Memorial of Saint Bonaventure, bishop and doctor of the Church
(Exodus 1: 8-14.22; Matthew 10:34-11:1)
A man tells the story of his daughter. When she was a teenager, she became pregnant outside marriage. She wanted to have her baby, but her mother encouraged her to have an abortion. For the elder, the girl was not only too young to be a mother but also needed to finish her education. The girl desperately turned to her father who was divorced from his wife. The man believed in his daughter and promised to help her keep her baby. Relieved, the girl said that she had bought a bus ticket to another town in case no one would support her at home. Whether she knows it or not, this girl is following Jesus’ instructions to his apostles in today’s gospel.
It is not that Jesus has abortion in mind as he lectures his apostles. Rather, he knows that his righteousness will always unleash opposition. His insistence that divorce opposes the Creator’s original intention will cause a furor among those who favor a more lenient standard. His reaching out to the grubby poor will scandalize those with a high sense of propriety. In these ways Jesus forces people to choose. Will they stand with him or conform to the defective ways of their family.
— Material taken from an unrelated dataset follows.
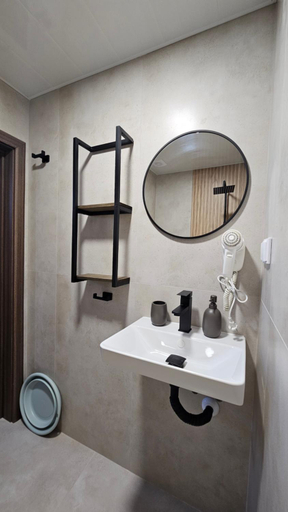 3, D House, Sozopol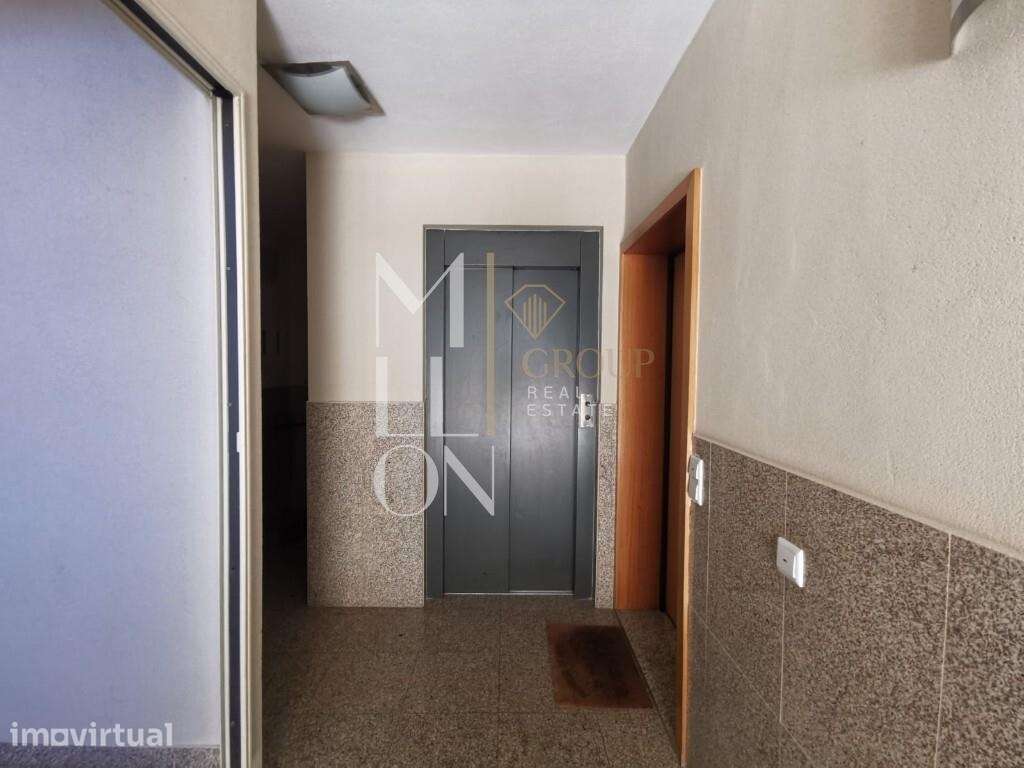 Apartamento T4 de 200 m2 no Centro da Póvoa - Grande imagem: 3/34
We may not have to choose between family and Jesus. We may not have to choose between family and Jesus. Our choice may be between Jesus and the urgings of the heart. Will we follow our sexual impulses or will we resist sinful sexual desires? Will we support organizations that assist the homeless or perhaps help them ourselves? Or will we totally ignore those who roam the streets? Facing issues like these, we realize that Jesus does not bring the peace of mind that we may desire.